▶ What you have to do: These records contain pictures, which must be left out; copy exactly the lines from the one with "CR-GA3211E6G439-V オフィスチェアー ing" up to and including the one with "WARDEN Laurence,Fishermen and".

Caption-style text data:
--------------------
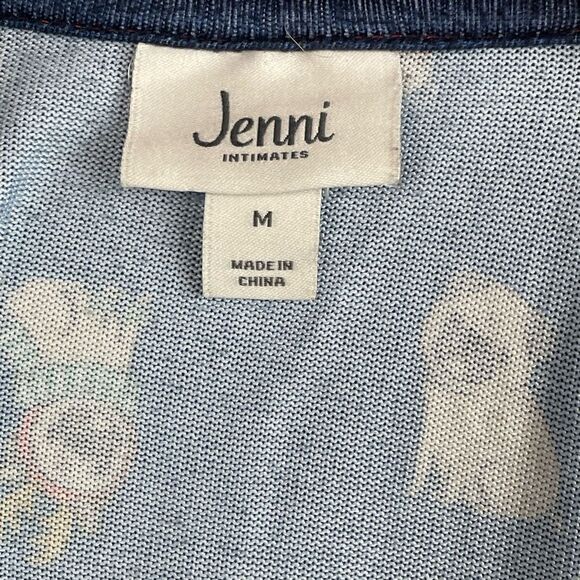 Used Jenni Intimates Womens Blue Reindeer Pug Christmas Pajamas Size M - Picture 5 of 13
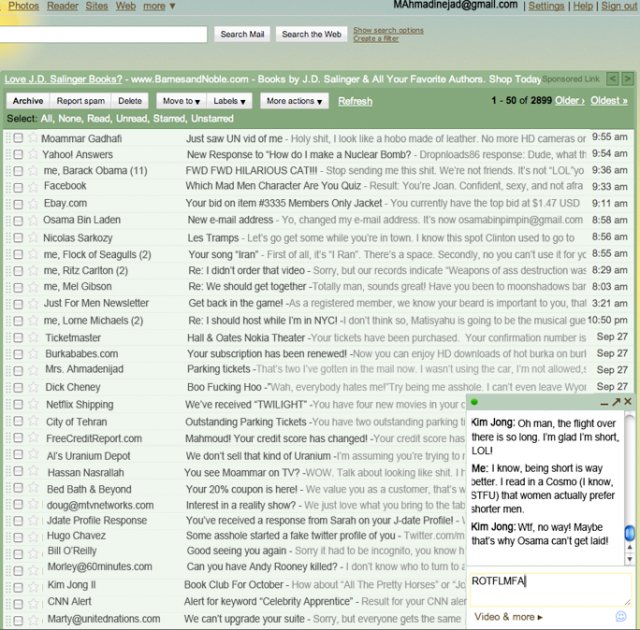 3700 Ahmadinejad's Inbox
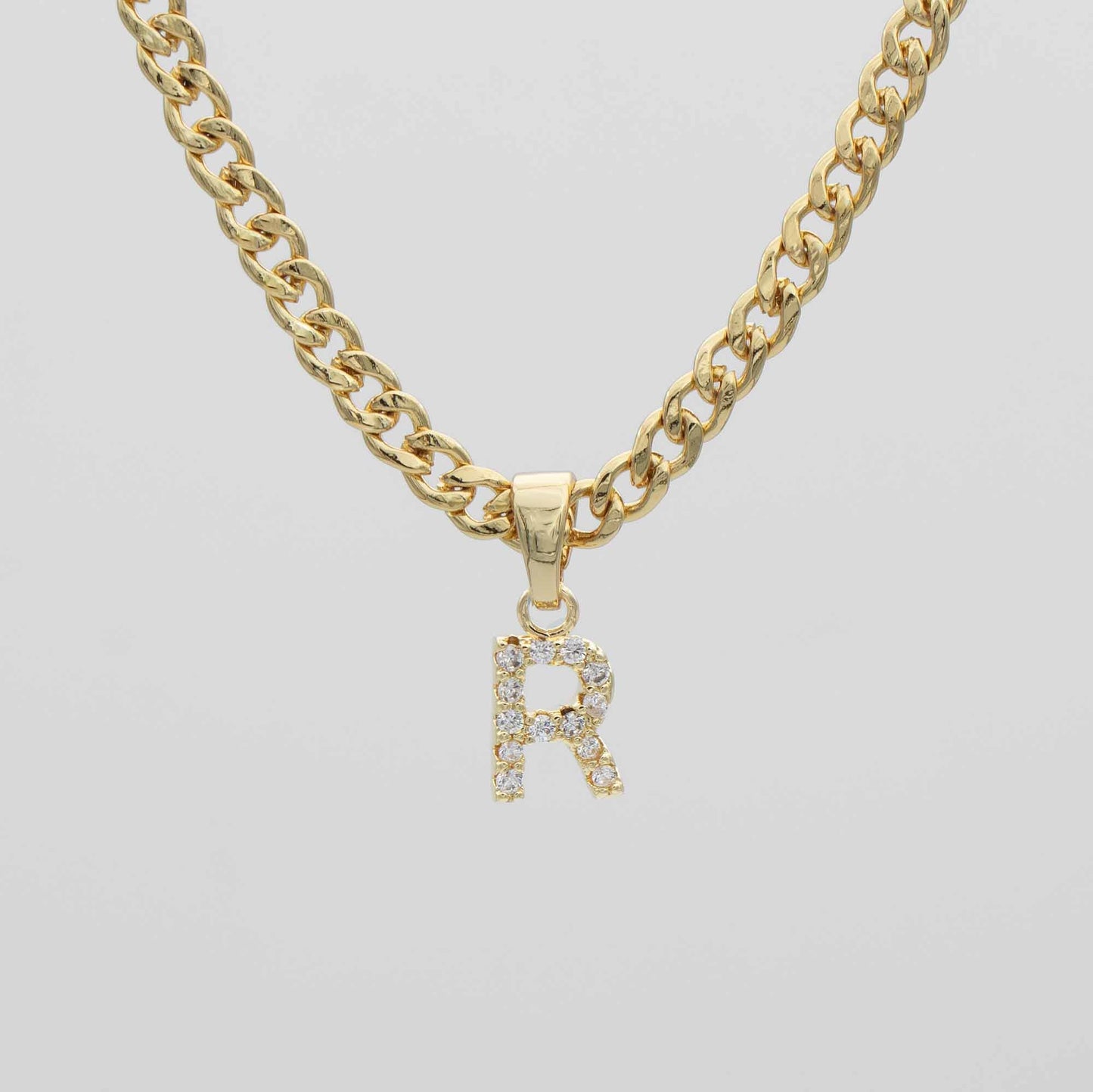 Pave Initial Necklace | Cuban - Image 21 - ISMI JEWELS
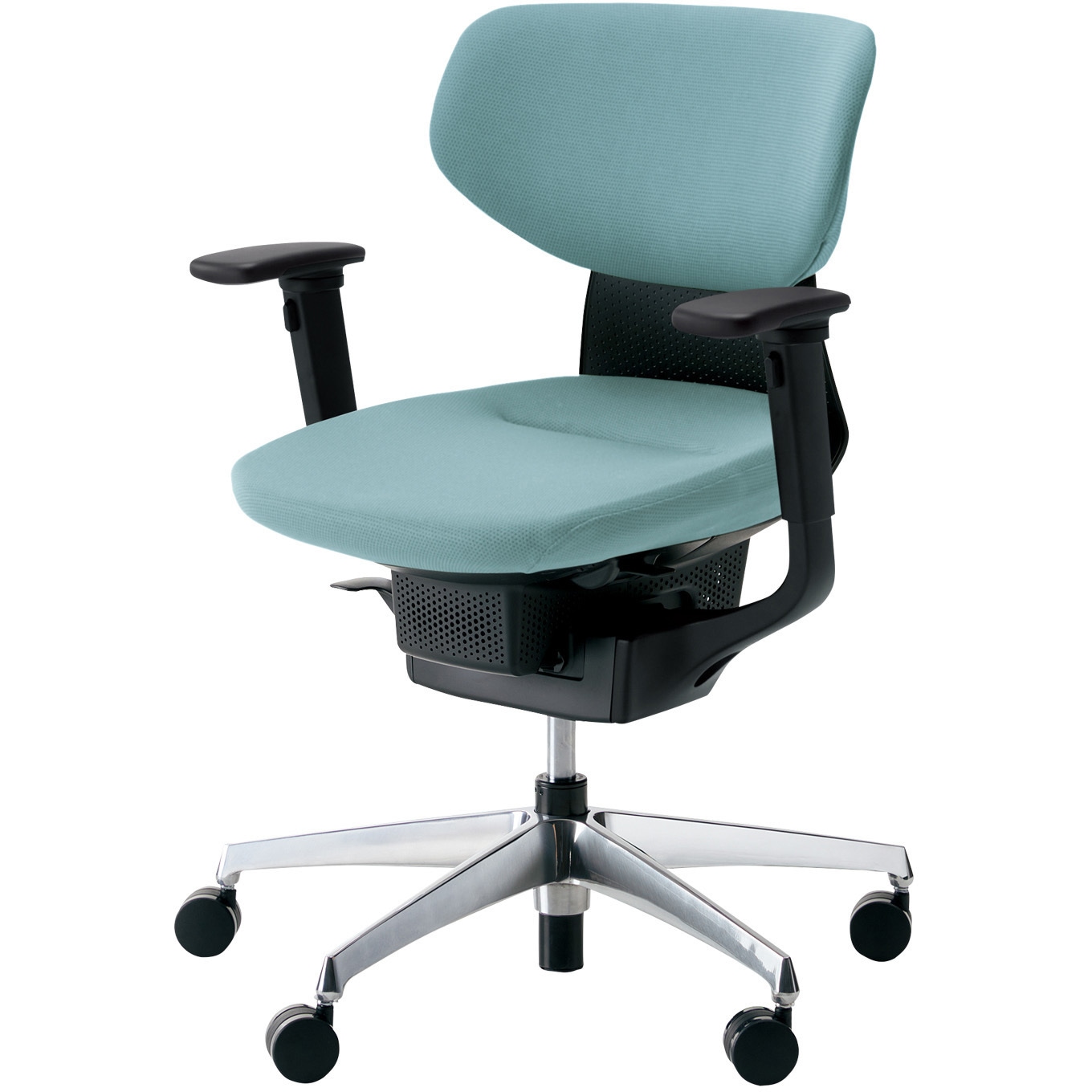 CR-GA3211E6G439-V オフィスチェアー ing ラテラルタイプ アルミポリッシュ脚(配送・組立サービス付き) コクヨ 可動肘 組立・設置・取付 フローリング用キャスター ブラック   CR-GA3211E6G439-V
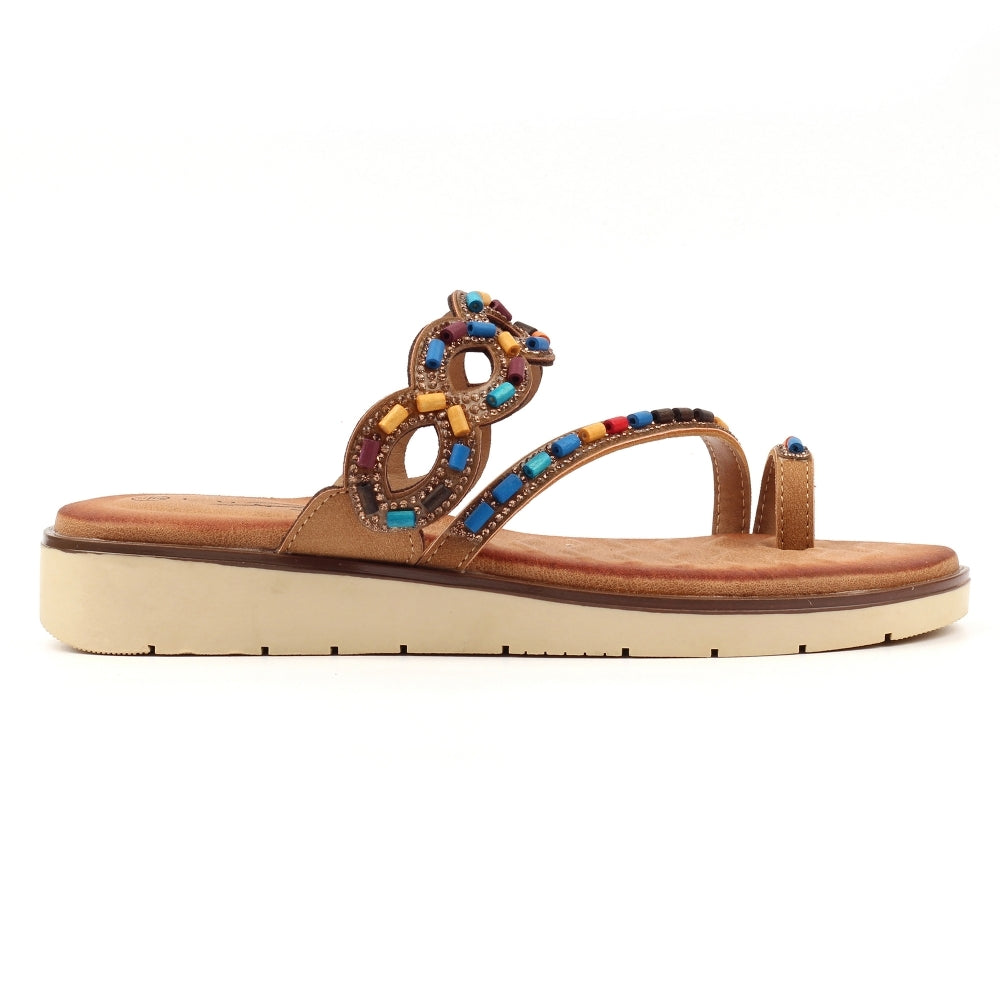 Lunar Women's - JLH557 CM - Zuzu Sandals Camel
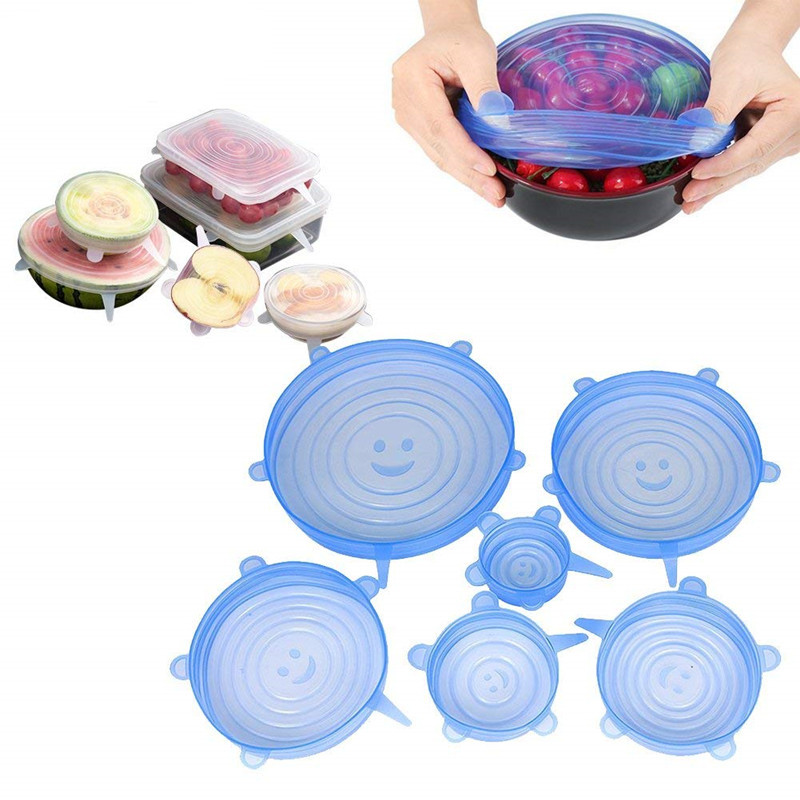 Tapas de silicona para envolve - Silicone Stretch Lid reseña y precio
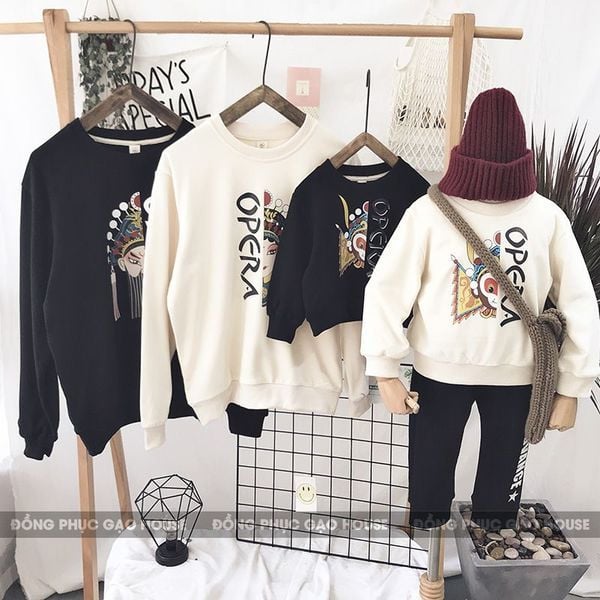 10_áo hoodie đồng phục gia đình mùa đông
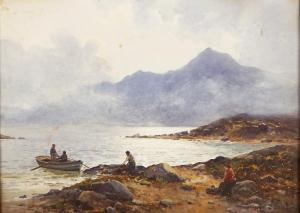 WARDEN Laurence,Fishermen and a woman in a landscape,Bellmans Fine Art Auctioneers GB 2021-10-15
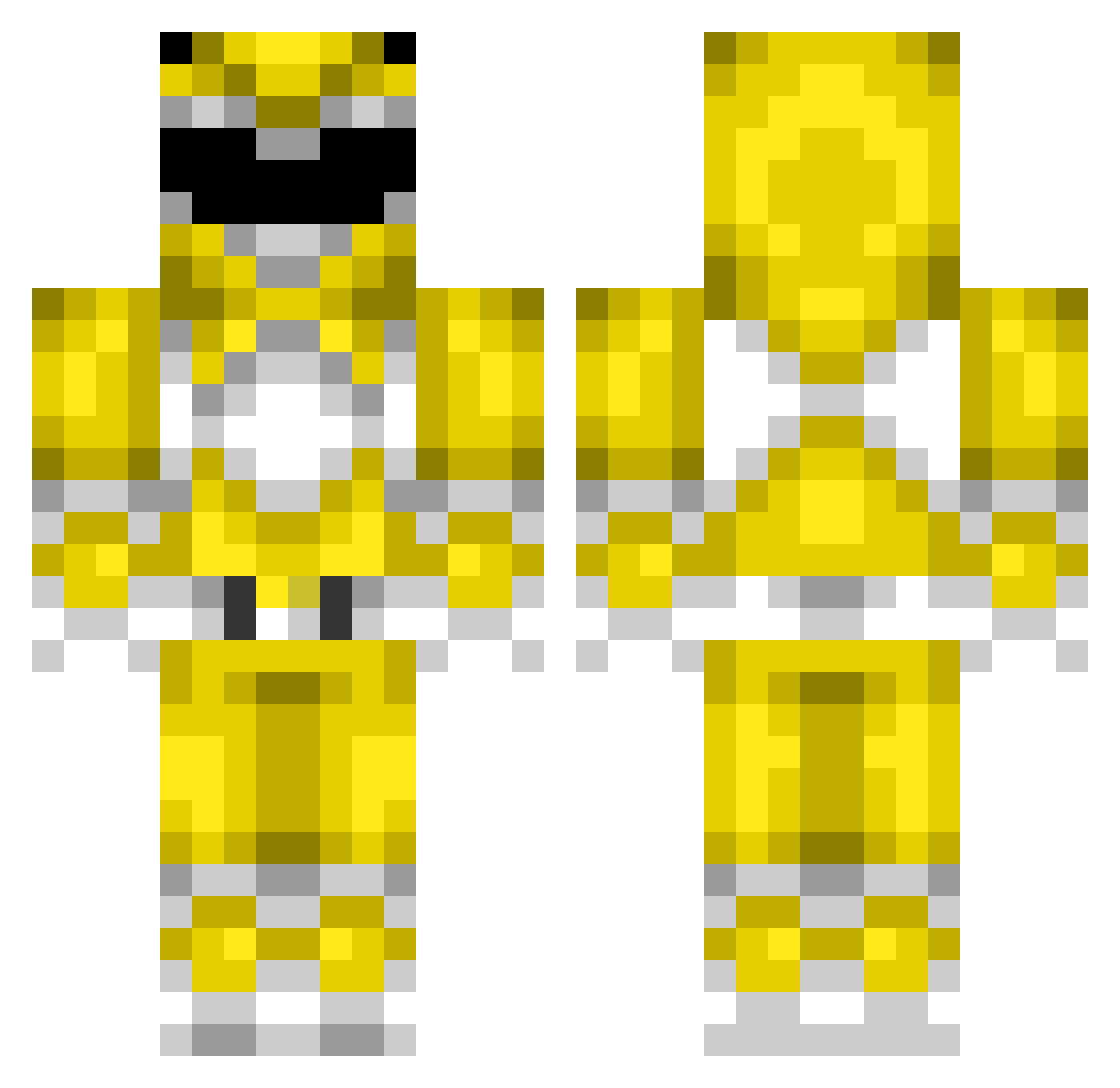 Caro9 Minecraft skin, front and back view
--------------------
▶ Result of this task:
 CR-GA3211E6G439-V オフィスチェアー ing ラテラルタイプ アルミポリッシュ脚(配送・組立サービス付き) コクヨ 可動肘 組立・設置・取付 フローリング用キャスター ブラック   CR-GA3211E6G439-V
 Lunar Women's - JLH557 CM - Zuzu Sandals Camel
 Tapas de silicona para envolve - Silicone Stretch Lid reseña y precio
 10_áo hoodie đồng phục gia đình mùa đông
 WARDEN Laurence,Fishermen and a woman in a landscape,Bellmans Fine Art Auctioneers GB 2021-10-15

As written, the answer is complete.